WHAT TO WORK ON
Pick out each line of the records that includes the string "Cartoon", and copy it.
━━ RECORDS TO PROCESS ━━
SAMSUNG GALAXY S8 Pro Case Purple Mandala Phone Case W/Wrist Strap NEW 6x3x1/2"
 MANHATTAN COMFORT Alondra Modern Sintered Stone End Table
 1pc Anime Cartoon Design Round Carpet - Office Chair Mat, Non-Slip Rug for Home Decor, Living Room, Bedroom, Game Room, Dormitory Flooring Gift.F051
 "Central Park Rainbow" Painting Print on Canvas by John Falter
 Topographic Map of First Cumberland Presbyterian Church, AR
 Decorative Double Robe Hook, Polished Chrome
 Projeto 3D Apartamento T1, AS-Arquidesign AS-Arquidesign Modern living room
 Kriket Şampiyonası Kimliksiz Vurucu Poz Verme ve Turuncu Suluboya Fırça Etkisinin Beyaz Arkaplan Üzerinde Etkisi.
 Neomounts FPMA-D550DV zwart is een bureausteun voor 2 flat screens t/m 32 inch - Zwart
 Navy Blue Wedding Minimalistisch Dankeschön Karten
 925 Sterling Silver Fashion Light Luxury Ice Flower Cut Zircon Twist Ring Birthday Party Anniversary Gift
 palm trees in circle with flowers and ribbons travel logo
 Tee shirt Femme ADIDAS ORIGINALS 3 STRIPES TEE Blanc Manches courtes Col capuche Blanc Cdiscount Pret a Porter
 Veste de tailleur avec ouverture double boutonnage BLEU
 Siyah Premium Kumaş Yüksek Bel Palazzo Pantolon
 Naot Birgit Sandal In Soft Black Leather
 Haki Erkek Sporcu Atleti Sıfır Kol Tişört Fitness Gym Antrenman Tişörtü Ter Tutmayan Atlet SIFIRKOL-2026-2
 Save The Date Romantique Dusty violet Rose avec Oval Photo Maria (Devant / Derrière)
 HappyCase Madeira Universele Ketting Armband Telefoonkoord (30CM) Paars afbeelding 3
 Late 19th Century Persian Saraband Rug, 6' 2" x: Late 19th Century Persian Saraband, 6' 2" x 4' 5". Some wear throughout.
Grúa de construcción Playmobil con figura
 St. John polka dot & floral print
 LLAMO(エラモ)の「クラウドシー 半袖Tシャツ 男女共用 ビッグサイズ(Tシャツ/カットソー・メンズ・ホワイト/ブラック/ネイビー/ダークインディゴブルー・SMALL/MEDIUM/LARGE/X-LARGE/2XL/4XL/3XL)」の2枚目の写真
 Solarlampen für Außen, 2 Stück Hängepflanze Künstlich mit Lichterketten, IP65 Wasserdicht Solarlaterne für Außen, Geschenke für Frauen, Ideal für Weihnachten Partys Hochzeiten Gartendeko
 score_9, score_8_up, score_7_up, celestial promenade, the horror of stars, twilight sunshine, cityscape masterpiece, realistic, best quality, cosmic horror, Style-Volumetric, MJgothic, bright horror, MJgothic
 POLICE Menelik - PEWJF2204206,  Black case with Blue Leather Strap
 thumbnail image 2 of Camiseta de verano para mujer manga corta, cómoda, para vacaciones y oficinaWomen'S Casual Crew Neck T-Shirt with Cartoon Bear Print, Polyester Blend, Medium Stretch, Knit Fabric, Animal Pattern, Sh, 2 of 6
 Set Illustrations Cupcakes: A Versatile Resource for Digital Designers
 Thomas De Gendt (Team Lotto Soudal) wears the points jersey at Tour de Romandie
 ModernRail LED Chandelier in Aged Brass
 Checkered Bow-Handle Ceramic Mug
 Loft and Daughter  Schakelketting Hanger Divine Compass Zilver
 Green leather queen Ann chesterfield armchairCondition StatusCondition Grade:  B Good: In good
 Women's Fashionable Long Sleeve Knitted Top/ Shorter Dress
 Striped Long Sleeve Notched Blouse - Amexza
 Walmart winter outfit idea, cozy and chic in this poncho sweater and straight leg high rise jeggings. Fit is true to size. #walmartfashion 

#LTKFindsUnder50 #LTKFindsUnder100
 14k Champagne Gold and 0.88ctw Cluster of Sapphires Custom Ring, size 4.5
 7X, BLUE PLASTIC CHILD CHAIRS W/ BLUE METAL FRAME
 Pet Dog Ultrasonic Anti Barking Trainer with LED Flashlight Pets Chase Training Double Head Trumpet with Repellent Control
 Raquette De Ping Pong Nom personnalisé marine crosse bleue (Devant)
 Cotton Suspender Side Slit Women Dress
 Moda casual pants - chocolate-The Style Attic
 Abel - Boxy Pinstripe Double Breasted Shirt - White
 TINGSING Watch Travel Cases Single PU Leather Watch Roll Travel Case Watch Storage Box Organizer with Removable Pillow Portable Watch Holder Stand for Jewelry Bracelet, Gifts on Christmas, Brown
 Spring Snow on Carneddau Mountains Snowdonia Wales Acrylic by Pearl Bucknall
━━━
SOLUTION FOR THIS PROBLEM
 1pc Anime Cartoon Design Round Carpet - Office Chair Mat, Non-Slip Rug for Home Decor, Living Room, Bedroom, Game Room, Dormitory Flooring Gift.F051
 thumbnail image 2 of Camiseta de verano para mujer manga corta, cómoda, para vacaciones y oficinaWomen'S Casual Crew Neck T-Shirt with Cartoon Bear Print, Polyester Blend, Medium Stretch, Knit Fabric, Animal Pattern, Sh, 2 of 6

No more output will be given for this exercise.